Rugger Review: Grudge Match
Summary: Henry “Razor” Sharp (Sylvester Stallone) and Billy “The Kid” McDonnen (Robert De Niro), two former boxers, are forced out of retirement for one final bout, thirty years after Sharp hung up his gloves on the eve of their last match; the one that would have decided who was truly the best.
The age-old pub quiz debate has finally been answered. Who would win in a fight between Rocky Balboa and Raging Bull? Somehow though, I don’t think the results of Grudge Match are what people had in mind.
We all thought Stallone, at 67, had hung up his boxing gloves for good, and De Niro at 70, doesn’t exactly seem to be in the kind of shape required for a boxing match.
So director Peter Segal deserves some credit for making it mostly work. Billed as a sporting comedy-drama though lies the main problem with Grudge Match. It’s not sure of what it wants to be.

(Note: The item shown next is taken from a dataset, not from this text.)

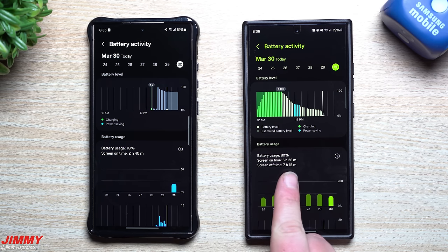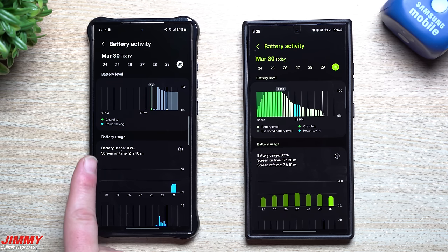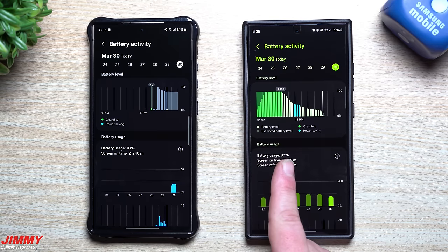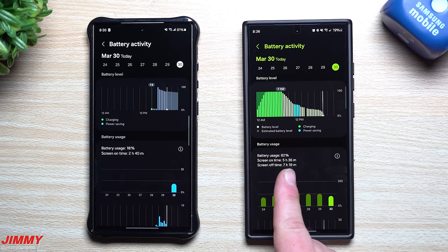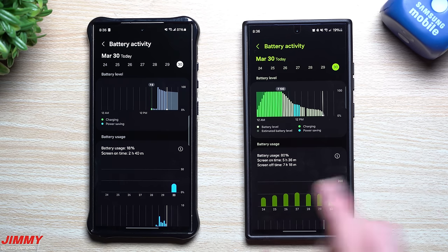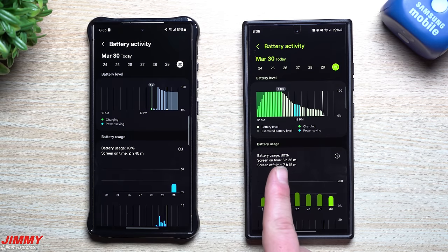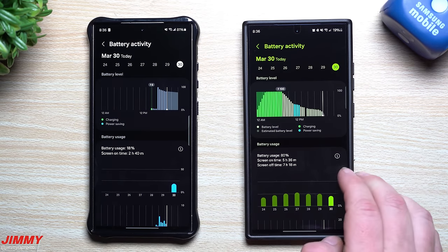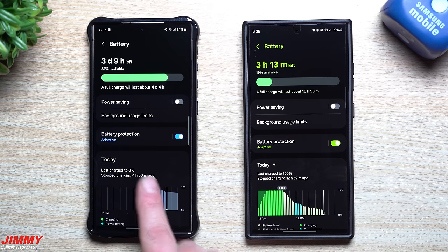When you tap on the graph itself, this is where you'll see one additional line being supplied. On the old version you just have battery usage and screen on time. On the new version you have battery usage, screen on time, and screen off time — so you can know exactly the breakdown of how long the screen was on and how long it was off since it came off the charger.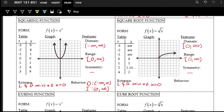The square root function has a local and global minimum at x equals zero — it's the lowest point on the graph and lower than all points around it. The behavior is always increasing from zero to infinity.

There are some serious, underlying issues between the two boxers, as well as some rather difficult history for both to deal with (one has just been laid off and can’t afford to provide for himself, the other has an abandoned child come back into his life). There is a lot of baggage floating around.
As for the sporting aspect, despite a few training scenes, there is a long wait for the final bout, which, while handled as realistically as possible, looks far too like Rocky Balboa’s final fight to bring anything new to the table.

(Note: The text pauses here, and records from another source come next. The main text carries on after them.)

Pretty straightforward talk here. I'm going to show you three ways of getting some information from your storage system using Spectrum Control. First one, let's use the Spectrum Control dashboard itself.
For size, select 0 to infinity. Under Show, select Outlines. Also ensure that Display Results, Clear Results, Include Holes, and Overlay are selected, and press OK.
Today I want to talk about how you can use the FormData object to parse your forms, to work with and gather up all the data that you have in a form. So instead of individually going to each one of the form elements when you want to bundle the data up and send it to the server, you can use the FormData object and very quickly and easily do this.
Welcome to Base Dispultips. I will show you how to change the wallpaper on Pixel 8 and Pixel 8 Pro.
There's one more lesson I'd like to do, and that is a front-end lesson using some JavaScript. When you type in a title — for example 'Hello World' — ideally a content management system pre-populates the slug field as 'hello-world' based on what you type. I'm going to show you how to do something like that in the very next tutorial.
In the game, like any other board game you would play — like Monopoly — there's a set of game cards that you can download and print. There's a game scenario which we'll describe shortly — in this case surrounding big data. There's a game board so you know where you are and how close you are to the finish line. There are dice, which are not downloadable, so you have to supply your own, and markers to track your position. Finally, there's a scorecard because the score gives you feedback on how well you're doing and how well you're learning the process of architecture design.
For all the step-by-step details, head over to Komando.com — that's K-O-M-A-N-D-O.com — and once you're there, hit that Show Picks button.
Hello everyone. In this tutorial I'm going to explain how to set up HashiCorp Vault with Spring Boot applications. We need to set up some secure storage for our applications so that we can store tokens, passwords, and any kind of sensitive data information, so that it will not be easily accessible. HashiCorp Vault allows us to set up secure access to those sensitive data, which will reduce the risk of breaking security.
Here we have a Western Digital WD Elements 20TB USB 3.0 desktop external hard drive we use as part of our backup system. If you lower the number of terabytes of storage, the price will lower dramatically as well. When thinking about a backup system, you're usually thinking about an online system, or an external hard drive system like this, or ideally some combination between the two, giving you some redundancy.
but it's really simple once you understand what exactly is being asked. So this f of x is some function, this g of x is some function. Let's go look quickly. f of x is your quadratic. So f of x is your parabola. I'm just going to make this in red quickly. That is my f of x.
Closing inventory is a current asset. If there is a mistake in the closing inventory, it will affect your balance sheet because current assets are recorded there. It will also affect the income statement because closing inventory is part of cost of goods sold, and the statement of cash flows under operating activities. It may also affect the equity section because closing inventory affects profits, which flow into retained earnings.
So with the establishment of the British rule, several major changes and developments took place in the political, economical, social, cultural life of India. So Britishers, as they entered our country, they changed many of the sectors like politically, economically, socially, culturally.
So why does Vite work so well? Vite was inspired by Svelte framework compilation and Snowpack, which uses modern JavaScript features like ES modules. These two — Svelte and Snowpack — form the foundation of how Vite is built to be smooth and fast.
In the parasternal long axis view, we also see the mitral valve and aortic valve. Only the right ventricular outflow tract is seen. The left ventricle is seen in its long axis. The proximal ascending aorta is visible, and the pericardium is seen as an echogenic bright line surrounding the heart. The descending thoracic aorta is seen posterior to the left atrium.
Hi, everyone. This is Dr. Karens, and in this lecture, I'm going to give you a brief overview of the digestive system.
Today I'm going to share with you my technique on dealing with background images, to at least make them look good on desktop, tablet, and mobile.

The comedy has almost as many misses as hits, but that comes down to your opinion of rising comedian Kevin Hart. For some, he will grate your ears every time on screen, with an off-the-cuff motor-mouth attitude that Vince Vaughan would be proud of. For others, he is the high point of the film, as he was for me, with some great gags.
Alan Arkin does his best Alan Arkin impression, plenty of sarcasm and rude jokes that seem out of place in a 12A. Stallone and De Niro get their fair share of the laughs as well, but the uneven tone between comedy and drama quells the laughs more than it should.
It is difficult to watch two older men share pain and heartache over past transgressions in one scene, but then joke around in the next.
Played as a straightforward drama, this could have been an older generation’s Warrior (2011) but the comedy weakens the dramatic elements and it just isn’t funny enough to be an all out comedy. It has it’s merits, but it’s no heavyweight.
Final Verdict: The cast give it their best and while there are some good gags and thought-provoking emotions about living with no regrets, with such an uneven tone, Grudge Match isn’t the knockout punch (sorry) that it could have been.